• _What you will do_:
In the listing below, print exactly the lines between the line holding "U Cmelaku Hotell" and the line holding "Oviation Hotels and Suites", inclusive, and no more.

• _Data extract_:
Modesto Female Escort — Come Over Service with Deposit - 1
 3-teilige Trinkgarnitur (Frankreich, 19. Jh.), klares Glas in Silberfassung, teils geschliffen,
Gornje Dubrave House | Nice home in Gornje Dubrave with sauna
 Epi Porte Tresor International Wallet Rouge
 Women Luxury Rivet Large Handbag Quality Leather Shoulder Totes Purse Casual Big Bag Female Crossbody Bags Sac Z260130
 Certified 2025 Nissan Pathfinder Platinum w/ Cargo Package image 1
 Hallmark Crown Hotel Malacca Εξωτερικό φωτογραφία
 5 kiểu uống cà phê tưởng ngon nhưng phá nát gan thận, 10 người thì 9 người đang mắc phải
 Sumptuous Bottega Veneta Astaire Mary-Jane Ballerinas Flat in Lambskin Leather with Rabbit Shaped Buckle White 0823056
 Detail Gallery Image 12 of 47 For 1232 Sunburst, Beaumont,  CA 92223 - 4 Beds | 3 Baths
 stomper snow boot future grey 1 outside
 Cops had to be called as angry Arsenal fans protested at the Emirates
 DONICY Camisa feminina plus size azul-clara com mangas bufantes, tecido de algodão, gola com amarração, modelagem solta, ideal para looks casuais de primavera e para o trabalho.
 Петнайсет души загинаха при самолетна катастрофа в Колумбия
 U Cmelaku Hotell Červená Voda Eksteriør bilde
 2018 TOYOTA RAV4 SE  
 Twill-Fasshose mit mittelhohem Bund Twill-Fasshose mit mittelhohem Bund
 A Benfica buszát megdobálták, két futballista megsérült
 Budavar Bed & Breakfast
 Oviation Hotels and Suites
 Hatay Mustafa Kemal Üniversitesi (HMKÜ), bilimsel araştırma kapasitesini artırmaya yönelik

• _Answer_:
 U Cmelaku Hotell Červená Voda Eksteriør bilde
 2018 TOYOTA RAV4 SE  
 Twill-Fasshose mit mittelhohem Bund Twill-Fasshose mit mittelhohem Bund
 A Benfica buszát megdobálták, két futballista megsérült
 Budavar Bed & Breakfast
 Oviation Hotels and Suites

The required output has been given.